Source material Start Marker

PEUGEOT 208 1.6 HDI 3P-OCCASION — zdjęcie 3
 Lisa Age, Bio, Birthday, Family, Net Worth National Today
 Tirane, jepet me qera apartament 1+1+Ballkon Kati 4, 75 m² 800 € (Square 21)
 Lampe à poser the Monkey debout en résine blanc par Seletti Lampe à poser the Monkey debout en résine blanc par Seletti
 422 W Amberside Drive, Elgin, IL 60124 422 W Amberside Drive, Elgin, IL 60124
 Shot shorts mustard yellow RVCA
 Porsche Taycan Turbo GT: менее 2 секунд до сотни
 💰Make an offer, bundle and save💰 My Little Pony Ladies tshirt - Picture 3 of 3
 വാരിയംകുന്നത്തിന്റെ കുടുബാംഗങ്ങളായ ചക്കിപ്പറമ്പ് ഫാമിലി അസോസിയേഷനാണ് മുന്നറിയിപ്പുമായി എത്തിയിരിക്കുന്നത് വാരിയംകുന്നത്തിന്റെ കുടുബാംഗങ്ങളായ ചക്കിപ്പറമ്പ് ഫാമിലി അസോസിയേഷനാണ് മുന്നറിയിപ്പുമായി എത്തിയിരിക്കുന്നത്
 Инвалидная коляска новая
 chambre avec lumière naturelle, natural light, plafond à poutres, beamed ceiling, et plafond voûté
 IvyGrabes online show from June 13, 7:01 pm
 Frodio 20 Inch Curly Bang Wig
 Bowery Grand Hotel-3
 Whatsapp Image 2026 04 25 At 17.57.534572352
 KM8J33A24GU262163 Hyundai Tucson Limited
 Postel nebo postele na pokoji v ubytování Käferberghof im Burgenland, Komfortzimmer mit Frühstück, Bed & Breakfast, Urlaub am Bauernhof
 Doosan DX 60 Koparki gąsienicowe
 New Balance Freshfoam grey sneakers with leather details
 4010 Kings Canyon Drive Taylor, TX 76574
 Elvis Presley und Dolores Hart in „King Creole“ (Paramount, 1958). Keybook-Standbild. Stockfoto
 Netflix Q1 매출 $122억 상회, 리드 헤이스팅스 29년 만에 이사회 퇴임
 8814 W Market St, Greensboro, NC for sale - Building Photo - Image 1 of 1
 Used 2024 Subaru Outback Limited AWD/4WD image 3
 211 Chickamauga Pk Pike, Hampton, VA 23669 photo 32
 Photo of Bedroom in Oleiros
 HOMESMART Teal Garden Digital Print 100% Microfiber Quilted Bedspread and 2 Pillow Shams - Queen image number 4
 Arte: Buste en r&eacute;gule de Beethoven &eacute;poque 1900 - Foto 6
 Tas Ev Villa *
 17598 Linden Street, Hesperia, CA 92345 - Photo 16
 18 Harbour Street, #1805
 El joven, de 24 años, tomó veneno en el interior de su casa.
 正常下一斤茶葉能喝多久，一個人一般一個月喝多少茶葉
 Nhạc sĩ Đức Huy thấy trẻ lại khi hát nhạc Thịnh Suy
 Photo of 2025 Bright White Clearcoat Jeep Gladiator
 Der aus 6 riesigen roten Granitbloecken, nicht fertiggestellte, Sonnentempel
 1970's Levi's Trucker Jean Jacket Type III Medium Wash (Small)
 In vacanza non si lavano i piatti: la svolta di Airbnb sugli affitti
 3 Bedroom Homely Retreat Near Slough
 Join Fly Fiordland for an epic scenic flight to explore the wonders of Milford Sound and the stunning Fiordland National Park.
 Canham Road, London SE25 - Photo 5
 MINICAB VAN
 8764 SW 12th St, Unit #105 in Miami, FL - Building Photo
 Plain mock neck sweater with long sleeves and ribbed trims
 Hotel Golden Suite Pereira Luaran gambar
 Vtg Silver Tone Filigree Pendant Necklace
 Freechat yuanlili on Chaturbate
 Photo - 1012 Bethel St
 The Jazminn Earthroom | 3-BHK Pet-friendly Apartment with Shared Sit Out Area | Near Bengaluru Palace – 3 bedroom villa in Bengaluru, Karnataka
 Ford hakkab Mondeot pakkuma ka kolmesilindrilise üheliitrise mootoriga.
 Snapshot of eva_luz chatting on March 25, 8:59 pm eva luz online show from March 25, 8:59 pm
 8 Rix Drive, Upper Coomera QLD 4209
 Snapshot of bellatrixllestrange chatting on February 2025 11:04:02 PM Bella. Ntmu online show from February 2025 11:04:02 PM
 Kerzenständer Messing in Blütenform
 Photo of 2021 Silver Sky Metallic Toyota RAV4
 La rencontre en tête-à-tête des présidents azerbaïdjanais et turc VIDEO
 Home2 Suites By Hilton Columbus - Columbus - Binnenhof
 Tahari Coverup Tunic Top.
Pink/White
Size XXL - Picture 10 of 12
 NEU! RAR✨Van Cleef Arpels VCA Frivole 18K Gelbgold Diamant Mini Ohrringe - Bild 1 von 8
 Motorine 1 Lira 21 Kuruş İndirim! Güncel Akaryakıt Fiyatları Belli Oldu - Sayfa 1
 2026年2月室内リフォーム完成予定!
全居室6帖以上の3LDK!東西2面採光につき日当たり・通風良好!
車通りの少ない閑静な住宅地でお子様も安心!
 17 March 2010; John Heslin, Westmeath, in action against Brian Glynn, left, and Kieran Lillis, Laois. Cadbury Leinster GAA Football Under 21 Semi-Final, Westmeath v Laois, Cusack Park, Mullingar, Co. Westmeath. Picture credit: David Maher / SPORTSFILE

Source material End Marker

- **Exercise requirements**
The only output should be the lines from the one containing "La rencontre en" through the final line of the material above, copied exactly.

- **Result for this exercise**
 La rencontre en tête-à-tête des présidents azerbaïdjanais et turc VIDEO
 Home2 Suites By Hilton Columbus - Columbus - Binnenhof
 Tahari Coverup Tunic Top.
Pink/White
Size XXL - Picture 10 of 12
 NEU! RAR✨Van Cleef Arpels VCA Frivole 18K Gelbgold Diamant Mini Ohrringe - Bild 1 von 8
 Motorine 1 Lira 21 Kuruş İndirim! Güncel Akaryakıt Fiyatları Belli Oldu - Sayfa 1
 2026年2月室内リフォーム完成予定!
全居室6帖以上の3LDK!東西2面採光につき日当たり・通風良好!
車通りの少ない閑静な住宅地でお子様も安心!
 17 March 2010; John Heslin, Westmeath, in action against Brian Glynn, left, and Kieran Lillis, Laois. Cadbury Leinster GAA Football Under 21 Semi-Final, Westmeath v Laois, Cusack Park, Mullingar, Co. Westmeath. Picture credit: David Maher / SPORTSFILE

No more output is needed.